The principle is “individual rights”–your rights and mine.

Rights define the proper limits of state action. They recognize the areas within which the individual is sovereign, entitled to act on his own judgment, free from interference by his fellow man and by the state. The fundamental right is the right to life. Its expressions are the right to liberty, property, and the pursuit of happiness. As the Declaration states, government is established “to secure these rights.”

To secure them against what? There is only one thing that can deprive a man of his life, liberty, or property: physical force. Only guns, clubs, chains, jails, or some form of nonconsensual physical contact can kill you, injure you, or negate your ability to act on your own judgment. The proper job of government is to protect the individual’s rights by wielding retaliatory force against the force initiated by criminals or foreign aggressors.

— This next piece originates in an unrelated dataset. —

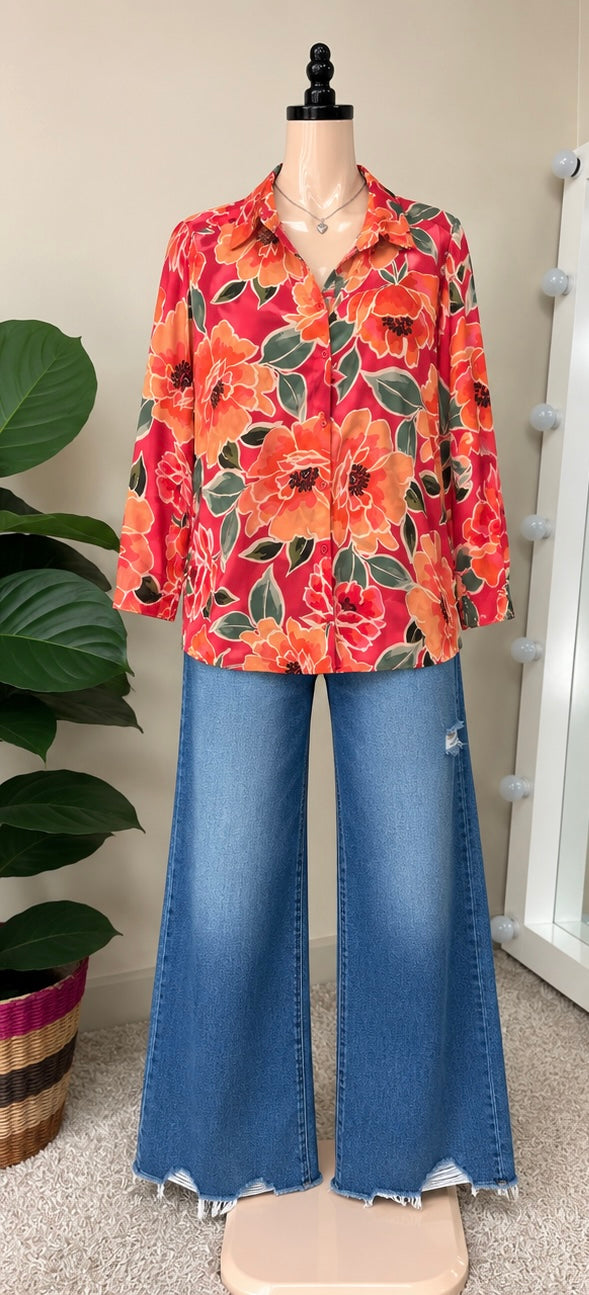 Blusa Floral Roja de Manga Larga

The issue with guns is the threat of force. But the threat of force is force. Orders issued at gunpoint are as coercive–as rights-violating–as laying on hands and overpowering you. (All this is explained in more detail in Ayn Rand’s articles “Man’s Rights” and “The Nature of Government.”) The government may use force only against an objective threat of force. Only that constitutes retaliation.

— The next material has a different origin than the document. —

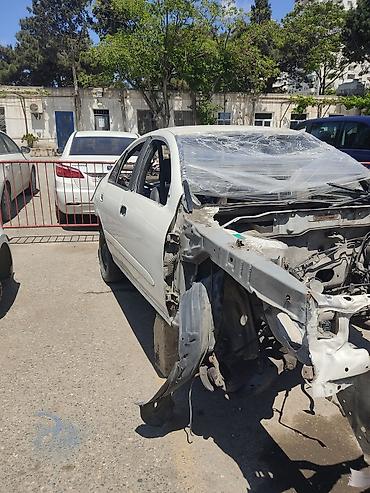 Кузовные детали: Nissan SUNNY, 2008 г., Б/у — 2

In particular, the government may not descend to the evil of preventive law. The government cannot treat men as guilty until they have proven themselves to be, for the moment, innocent. No law can require the individual to prove that he won’t violate another’s rights, in the absence of evidence that he is going to.

But this is precisely what gun control laws do. Gun control laws use force against the individual in the absence of any specific evidence that he is about to commit a crime. They say to the rational, responsible gun owner: you may not have or carry a gun because others have used them irrationally or irresponsibly. Thus, preventive law sacrifices the rational and responsible to the irrational and irresponsible. This is unjust and intolerable.

The government may coercively intervene only when there is an objective threat that someone is going to use force. The remaining issue is: what constitutes an objective threat?

An objective threat is constituted by specific evidence of a clear and present danger to someone’s person or property. For instance, waving a gun around (“brandishing”) is an objective threat to the individuals in the vicinity. Having a rifle at home in the attic is not. Carrying a concealed pistol is not (until and unless it is drawn). Yes, there are always borderline cases, but rational standards, such as “clear and present danger,” can be set.

Statistics about how often gun-related crimes occur in the population is no evidence against you. That’s collectivist thinking. The choices made by others are irrelevant to the choices that you will make.

People understand the wrongness of collectivist thinking in other cases. They would indignantly reject the idea that a member of a given racial group is under suspicion because 10 percent of those with his skin color commit crimes. But the individualist approach also applies to gun ownership and concealed carrying of guns: group ratios offer no evidence about what a given individual will do.

The fact that a certain percentage of domestic quarrels end in a shooting is no grounds for saying your ownership of a gun is a threat to the members of your household. Likewise, the fact that there are a certain number of accidental injuries from guns is no justification for regulating or banning the ownership of guns for everyone. And The tragic fact that the psychotic killer at Newtown used a gun to kill school children is zero grounds for disarming teachers and school personnel.

The government may respond only to specific threats, objectively evident. It has no right to initiate force against the innocent. And a gun owner is innocent until specific evidence arises that he is threatening to initiate force.

Laws prohibiting or regulating guns across the board represent the evil  of preventive law and should be abolished.